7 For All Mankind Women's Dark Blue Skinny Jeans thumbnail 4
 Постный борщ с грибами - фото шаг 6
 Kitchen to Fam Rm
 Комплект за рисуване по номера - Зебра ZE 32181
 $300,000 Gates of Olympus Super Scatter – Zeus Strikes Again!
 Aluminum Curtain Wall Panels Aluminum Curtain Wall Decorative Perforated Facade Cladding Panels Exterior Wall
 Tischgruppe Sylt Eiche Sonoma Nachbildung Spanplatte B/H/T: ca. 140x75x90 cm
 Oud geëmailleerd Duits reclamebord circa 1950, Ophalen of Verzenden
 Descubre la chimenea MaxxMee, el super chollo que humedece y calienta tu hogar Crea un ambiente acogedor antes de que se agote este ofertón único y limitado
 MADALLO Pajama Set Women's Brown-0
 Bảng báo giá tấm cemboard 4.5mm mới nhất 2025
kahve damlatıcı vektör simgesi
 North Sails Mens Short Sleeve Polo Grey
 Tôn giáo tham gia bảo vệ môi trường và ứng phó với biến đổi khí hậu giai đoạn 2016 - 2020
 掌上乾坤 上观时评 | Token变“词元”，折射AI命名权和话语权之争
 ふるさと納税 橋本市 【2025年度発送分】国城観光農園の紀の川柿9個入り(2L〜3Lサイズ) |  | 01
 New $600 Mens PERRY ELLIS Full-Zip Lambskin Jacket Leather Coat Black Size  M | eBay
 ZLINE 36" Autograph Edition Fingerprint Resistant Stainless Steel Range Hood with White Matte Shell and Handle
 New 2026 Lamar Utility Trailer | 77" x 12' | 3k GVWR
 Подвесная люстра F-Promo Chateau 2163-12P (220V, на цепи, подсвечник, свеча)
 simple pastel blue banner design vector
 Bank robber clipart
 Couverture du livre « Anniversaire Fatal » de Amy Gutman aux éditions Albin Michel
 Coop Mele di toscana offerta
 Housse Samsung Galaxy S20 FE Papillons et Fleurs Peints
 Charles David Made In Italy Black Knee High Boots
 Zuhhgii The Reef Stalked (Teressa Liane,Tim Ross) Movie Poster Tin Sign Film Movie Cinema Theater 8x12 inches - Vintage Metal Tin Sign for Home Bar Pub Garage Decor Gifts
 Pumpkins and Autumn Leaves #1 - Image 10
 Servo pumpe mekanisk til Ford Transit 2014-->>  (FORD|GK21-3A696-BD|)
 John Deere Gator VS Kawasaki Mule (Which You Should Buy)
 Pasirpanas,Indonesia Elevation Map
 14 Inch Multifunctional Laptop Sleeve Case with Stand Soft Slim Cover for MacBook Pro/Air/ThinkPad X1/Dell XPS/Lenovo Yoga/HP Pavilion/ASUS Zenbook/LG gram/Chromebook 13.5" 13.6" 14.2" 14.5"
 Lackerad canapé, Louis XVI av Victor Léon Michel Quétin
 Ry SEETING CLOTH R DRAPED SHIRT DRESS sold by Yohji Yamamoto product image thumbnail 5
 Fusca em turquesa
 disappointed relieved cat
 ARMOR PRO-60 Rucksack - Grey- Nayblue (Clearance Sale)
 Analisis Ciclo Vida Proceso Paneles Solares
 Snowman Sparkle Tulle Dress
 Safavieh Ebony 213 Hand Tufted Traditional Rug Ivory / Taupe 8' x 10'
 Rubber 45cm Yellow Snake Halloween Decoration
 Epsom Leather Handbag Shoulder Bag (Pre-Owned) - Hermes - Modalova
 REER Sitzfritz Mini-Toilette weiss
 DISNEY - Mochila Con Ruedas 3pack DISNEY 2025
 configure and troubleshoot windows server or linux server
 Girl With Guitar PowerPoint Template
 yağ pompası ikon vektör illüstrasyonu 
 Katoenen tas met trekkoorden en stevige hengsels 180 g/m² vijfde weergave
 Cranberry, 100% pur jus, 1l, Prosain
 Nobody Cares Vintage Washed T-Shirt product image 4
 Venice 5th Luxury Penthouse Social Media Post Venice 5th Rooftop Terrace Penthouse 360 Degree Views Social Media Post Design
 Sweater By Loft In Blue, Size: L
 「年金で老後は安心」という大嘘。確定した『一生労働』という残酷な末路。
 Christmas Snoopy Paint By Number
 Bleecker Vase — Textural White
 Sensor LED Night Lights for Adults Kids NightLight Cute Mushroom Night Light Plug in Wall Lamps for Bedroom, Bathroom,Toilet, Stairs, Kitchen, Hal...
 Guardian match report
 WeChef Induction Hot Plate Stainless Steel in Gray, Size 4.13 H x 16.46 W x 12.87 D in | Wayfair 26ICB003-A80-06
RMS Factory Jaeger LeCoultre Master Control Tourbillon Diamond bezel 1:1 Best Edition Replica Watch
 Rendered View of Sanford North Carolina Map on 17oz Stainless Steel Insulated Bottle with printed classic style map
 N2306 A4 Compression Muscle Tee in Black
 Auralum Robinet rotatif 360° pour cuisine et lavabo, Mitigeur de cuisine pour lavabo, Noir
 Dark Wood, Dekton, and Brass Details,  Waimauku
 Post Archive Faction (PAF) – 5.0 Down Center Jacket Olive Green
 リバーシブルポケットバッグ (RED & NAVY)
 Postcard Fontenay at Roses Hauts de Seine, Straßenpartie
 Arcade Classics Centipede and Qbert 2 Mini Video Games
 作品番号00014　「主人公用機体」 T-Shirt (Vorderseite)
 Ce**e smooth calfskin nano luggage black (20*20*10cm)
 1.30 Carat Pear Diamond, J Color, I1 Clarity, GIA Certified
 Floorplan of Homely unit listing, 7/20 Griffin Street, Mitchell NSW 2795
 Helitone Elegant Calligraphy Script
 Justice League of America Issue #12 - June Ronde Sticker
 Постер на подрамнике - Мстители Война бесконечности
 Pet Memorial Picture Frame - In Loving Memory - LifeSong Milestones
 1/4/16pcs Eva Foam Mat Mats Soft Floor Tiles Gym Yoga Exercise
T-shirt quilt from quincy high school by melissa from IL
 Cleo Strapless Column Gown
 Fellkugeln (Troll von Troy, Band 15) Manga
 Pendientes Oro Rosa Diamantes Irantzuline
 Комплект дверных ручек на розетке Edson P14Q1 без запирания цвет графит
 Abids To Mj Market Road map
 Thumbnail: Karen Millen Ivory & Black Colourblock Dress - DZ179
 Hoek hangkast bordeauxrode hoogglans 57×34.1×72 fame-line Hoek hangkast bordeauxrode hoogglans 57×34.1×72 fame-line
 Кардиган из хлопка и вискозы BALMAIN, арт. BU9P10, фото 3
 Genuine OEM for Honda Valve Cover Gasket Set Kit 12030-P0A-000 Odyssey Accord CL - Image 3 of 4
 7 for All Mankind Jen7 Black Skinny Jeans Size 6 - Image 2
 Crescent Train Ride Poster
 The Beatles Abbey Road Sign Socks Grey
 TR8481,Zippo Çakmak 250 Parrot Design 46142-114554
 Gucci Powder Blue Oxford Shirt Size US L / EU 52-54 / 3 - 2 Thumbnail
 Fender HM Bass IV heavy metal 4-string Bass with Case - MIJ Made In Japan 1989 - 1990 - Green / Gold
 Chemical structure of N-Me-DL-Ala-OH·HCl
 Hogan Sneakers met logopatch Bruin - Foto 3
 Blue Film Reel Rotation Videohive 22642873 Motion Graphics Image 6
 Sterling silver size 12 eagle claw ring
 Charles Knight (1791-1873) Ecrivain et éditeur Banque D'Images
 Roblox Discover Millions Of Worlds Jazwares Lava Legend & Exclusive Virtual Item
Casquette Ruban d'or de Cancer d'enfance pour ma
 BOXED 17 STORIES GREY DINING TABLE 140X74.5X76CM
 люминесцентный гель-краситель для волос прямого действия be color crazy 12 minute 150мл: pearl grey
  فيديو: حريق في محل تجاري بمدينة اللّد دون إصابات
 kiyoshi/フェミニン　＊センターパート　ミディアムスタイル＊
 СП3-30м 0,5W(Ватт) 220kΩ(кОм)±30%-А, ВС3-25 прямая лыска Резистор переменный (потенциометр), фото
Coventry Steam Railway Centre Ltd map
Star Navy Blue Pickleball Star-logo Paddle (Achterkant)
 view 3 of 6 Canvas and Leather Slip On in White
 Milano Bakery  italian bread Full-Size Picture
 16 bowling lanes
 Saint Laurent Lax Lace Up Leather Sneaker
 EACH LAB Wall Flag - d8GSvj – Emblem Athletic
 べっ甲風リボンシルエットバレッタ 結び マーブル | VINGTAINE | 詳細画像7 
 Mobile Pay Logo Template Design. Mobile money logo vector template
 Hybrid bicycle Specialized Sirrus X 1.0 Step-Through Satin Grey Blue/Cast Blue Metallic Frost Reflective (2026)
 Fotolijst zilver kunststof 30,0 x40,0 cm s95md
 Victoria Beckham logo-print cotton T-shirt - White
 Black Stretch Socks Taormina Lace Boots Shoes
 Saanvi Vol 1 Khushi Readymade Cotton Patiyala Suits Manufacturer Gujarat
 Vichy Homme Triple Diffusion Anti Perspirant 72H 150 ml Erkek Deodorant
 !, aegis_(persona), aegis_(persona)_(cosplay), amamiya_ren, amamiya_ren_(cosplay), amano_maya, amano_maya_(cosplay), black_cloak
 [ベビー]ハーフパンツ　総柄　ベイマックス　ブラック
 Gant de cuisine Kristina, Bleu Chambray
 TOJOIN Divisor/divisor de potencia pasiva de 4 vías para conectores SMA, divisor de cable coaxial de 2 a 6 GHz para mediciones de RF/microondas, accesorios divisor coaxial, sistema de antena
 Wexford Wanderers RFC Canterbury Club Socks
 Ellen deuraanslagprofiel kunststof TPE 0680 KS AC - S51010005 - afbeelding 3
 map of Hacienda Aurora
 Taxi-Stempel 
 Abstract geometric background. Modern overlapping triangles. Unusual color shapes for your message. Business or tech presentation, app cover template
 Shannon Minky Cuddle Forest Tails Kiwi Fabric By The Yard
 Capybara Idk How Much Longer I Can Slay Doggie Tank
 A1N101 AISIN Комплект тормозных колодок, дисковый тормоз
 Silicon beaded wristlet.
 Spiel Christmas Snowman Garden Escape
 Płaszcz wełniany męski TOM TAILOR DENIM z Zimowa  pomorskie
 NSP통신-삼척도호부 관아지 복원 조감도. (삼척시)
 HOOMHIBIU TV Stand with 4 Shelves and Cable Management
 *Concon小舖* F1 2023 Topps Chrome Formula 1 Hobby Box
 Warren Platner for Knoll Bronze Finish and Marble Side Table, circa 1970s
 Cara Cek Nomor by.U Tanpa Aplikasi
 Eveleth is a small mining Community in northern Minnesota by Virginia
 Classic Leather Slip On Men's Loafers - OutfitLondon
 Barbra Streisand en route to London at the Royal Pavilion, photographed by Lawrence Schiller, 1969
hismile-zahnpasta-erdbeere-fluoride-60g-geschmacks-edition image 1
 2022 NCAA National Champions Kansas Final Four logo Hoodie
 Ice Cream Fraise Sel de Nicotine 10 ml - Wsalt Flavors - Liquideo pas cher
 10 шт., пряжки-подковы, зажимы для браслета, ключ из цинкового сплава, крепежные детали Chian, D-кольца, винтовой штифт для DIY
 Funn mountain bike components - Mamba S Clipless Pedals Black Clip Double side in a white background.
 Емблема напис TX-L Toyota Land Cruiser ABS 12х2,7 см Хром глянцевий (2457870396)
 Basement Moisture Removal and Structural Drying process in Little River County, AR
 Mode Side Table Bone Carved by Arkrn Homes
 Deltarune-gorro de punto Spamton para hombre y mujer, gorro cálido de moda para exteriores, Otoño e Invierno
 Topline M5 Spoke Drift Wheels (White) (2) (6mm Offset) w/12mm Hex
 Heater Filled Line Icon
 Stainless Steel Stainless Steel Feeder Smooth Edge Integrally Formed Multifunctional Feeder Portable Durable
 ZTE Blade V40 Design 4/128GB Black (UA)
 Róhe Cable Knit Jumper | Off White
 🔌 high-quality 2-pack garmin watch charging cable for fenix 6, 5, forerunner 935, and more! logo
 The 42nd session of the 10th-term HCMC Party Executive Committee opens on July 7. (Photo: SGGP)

> [Assignment] Copy out only the lines above from the one with "MADALLO Pajama Set Women's Brown-0" to the one with "ふるさと納税 橋本市 【2025年度発送分】国城観光農園の紀の川柿9個入り(2L〜3Lサイズ)", inclusive, exactly as they stand.

> [Response to this exercise]
 MADALLO Pajama Set Women's Brown-0
 Bảng báo giá tấm cemboard 4.5mm mới nhất 2025
kahve damlatıcı vektör simgesi
 North Sails Mens Short Sleeve Polo Grey
 Tôn giáo tham gia bảo vệ môi trường và ứng phó với biến đổi khí hậu giai đoạn 2016 - 2020
 掌上乾坤 上观时评 | Token变“词元”，折射AI命名权和话语权之争
 ふるさと納税 橋本市 【2025年度発送分】国城観光農園の紀の川柿9個入り(2L〜3Lサイズ) |  | 01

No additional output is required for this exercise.